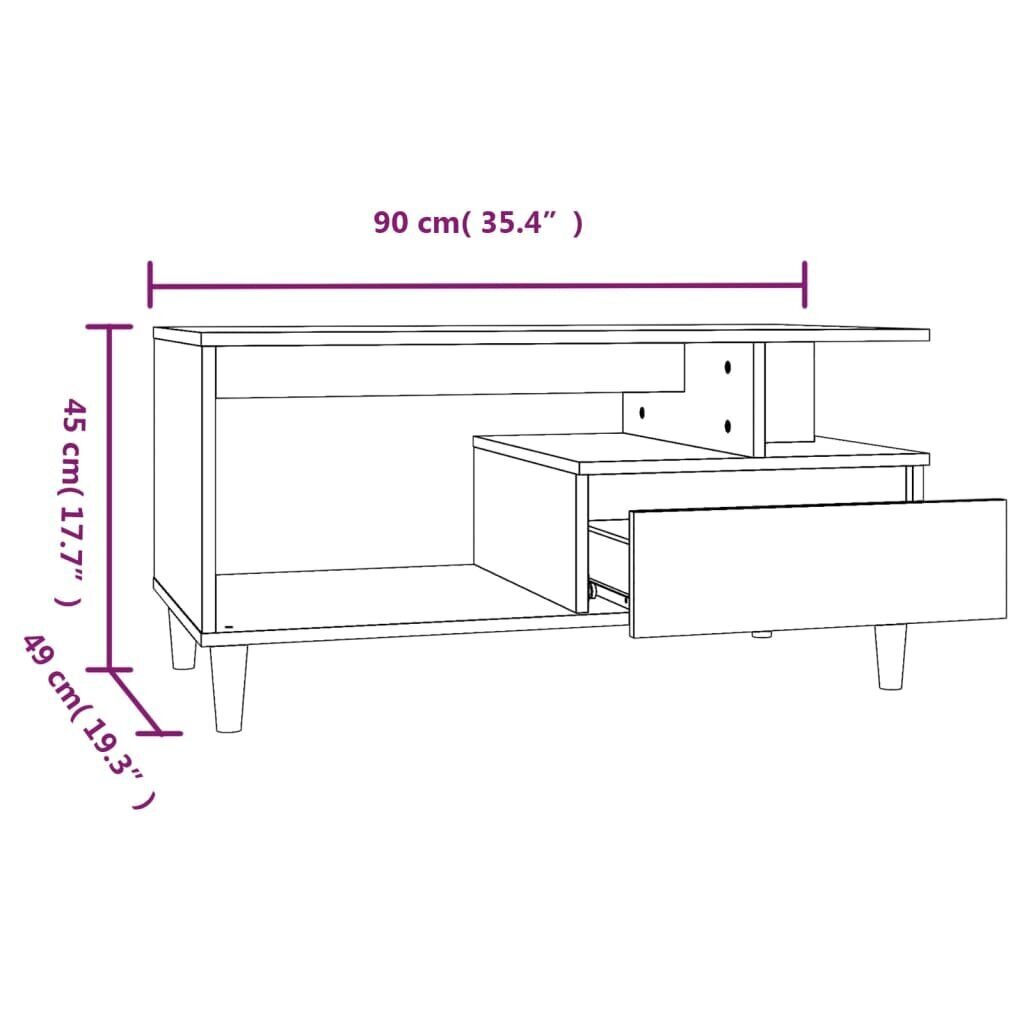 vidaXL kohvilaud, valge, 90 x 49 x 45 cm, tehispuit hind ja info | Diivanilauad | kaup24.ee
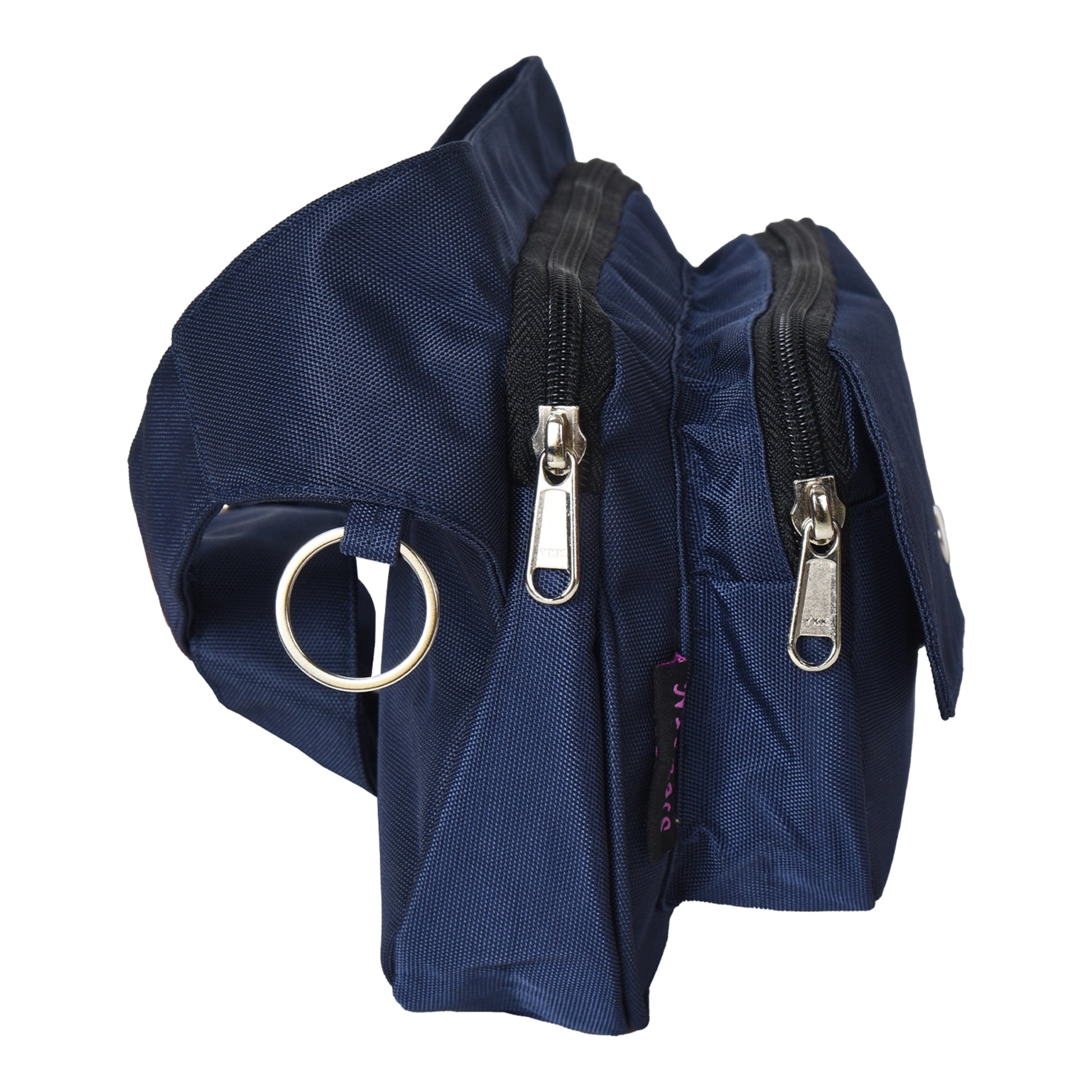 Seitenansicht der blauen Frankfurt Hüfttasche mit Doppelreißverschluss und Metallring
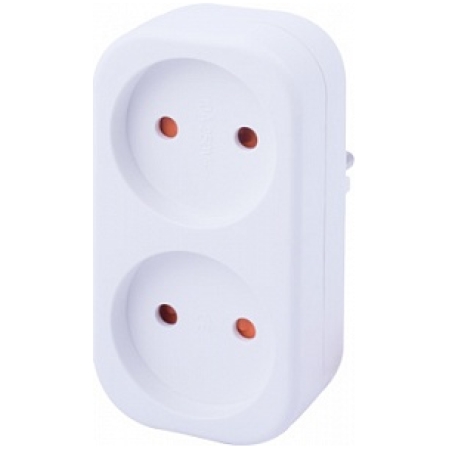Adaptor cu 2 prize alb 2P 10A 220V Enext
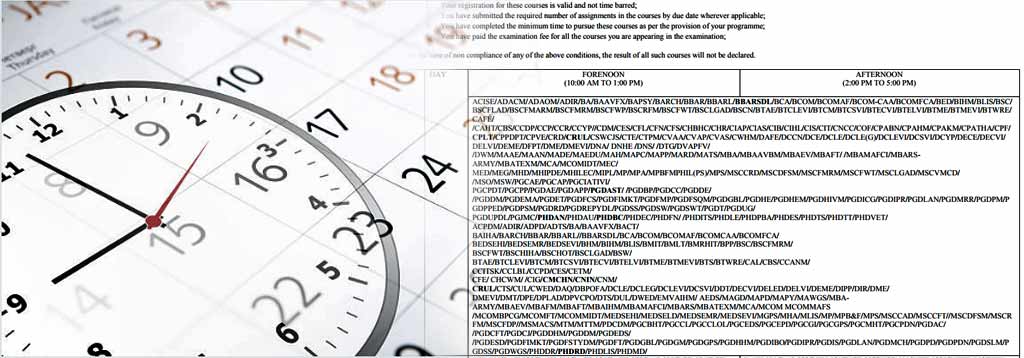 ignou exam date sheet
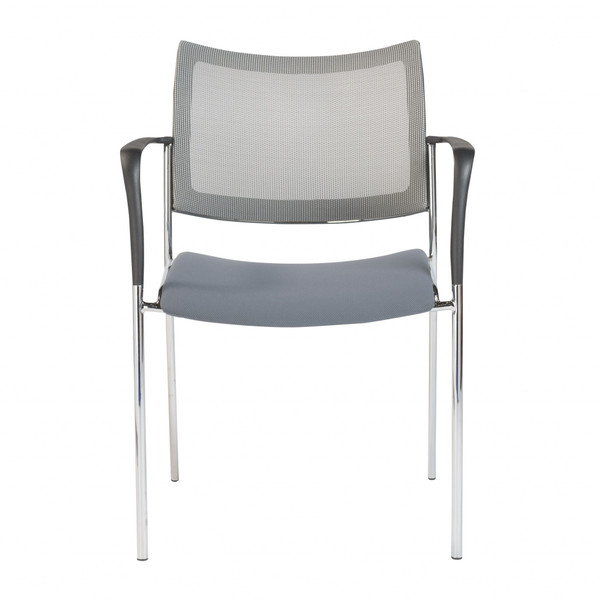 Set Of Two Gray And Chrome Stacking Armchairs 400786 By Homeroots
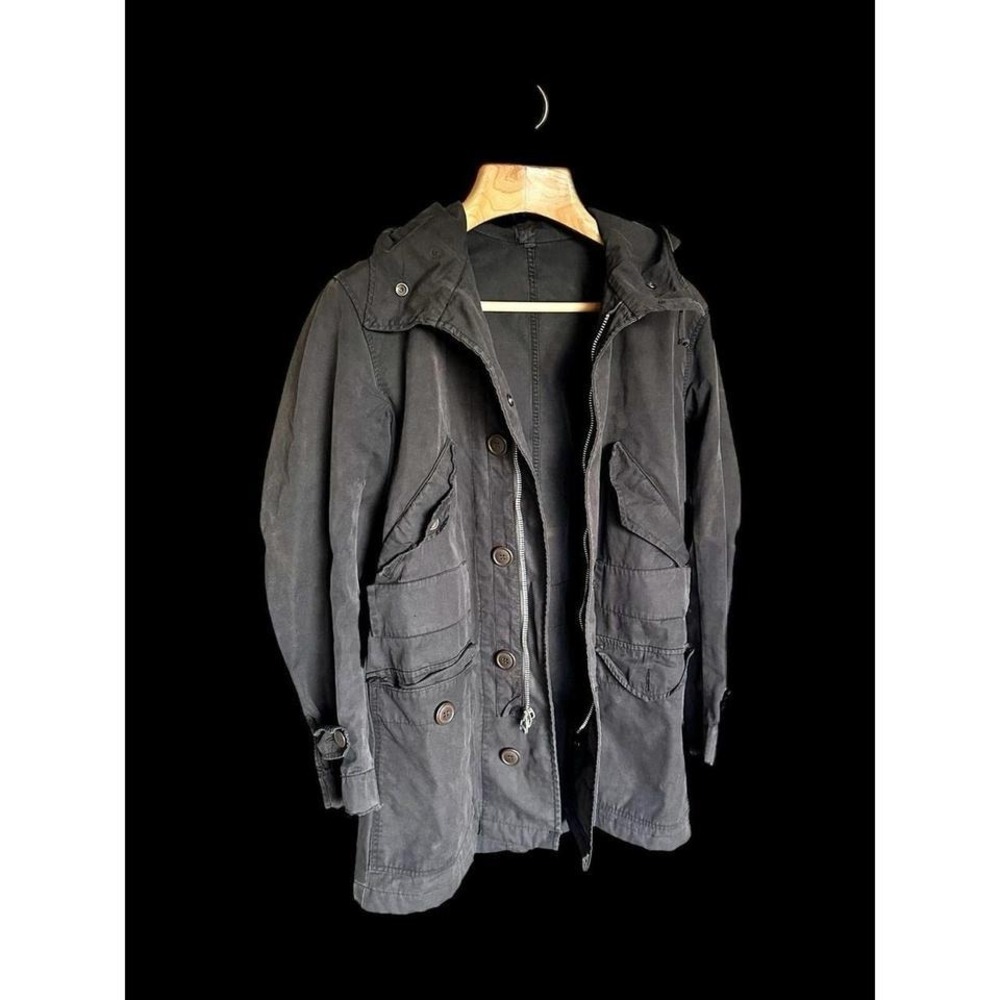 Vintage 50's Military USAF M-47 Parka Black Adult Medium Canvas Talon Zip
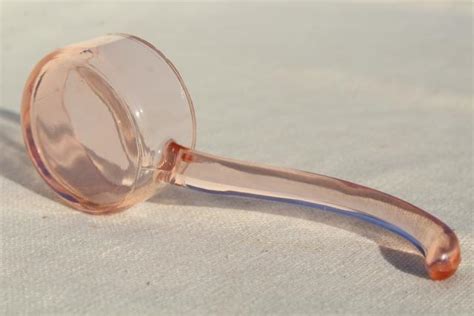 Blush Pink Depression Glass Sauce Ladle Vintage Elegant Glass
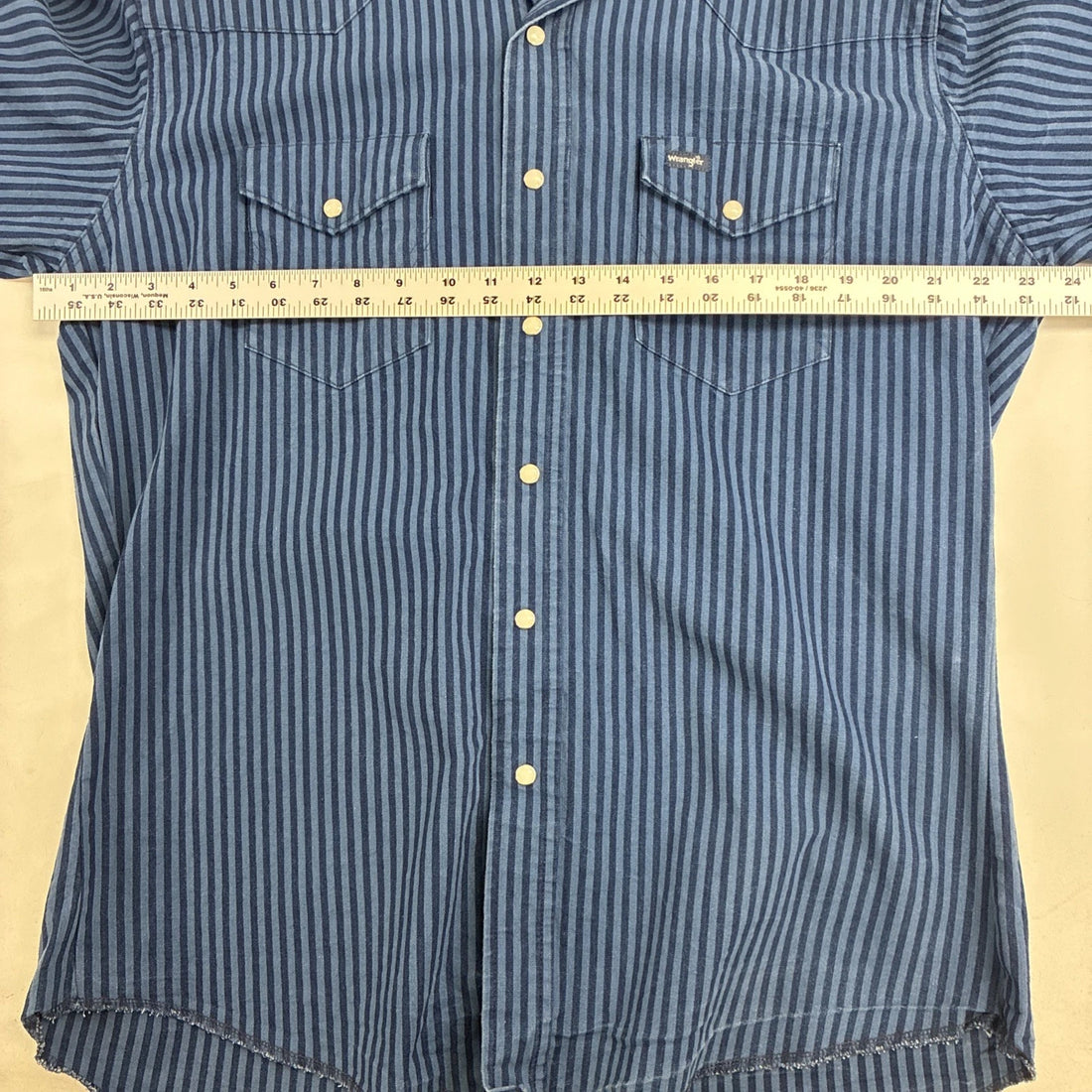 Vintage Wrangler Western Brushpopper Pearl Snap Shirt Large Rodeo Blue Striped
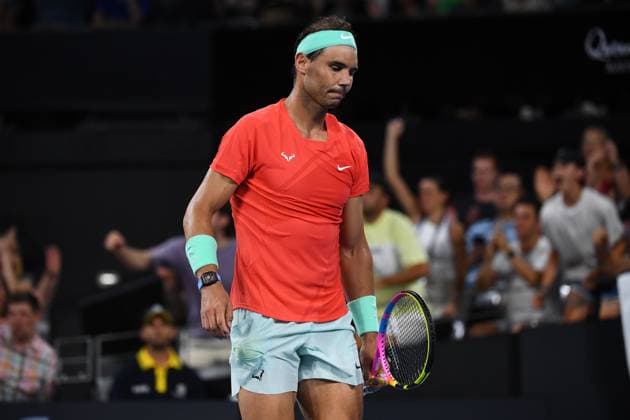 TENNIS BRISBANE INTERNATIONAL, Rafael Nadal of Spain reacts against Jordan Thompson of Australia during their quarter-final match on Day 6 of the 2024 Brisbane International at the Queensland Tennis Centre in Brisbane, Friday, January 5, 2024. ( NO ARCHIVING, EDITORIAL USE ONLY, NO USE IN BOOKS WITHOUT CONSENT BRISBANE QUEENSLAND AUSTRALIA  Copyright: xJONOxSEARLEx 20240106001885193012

(Instructions for the task) In the copy you write, the data above must appear exactly, with no pictures.

(Written response)
 vidaXL kohvilaud, valge, 90 x 49 x 45 cm, tehispuit hind ja info | Diivanilauad | kaup24.ee
 Seitenansicht der blauen Frankfurt Hüfttasche mit Doppelreißverschluss und Metallring
Adaptor cu 2 prize alb 2P 10A 220V Enext
 ignou exam date sheet
 Set Of Two Gray And Chrome Stacking Armchairs 400786 By Homeroots
 Vintage 50's Military USAF M-47 Parka Black Adult Medium Canvas Talon Zip
 Blush Pink Depression Glass Sauce Ladle Vintage Elegant Glass
 Vintage Wrangler Western Brushpopper Pearl Snap Shirt Large Rodeo Blue Striped
 TENNIS BRISBANE INTERNATIONAL, Rafael Nadal of Spain reacts against Jordan Thompson of Australia during their quarter-final match on Day 6 of the 2024 Brisbane International at the Queensland Tennis Centre in Brisbane, Friday, January 5, 2024. ( NO ARCHIVING, EDITORIAL USE ONLY, NO USE IN BOOKS WITHOUT CONSENT BRISBANE QUEENSLAND AUSTRALIA  Copyright: xJONOxSEARLEx 20240106001885193012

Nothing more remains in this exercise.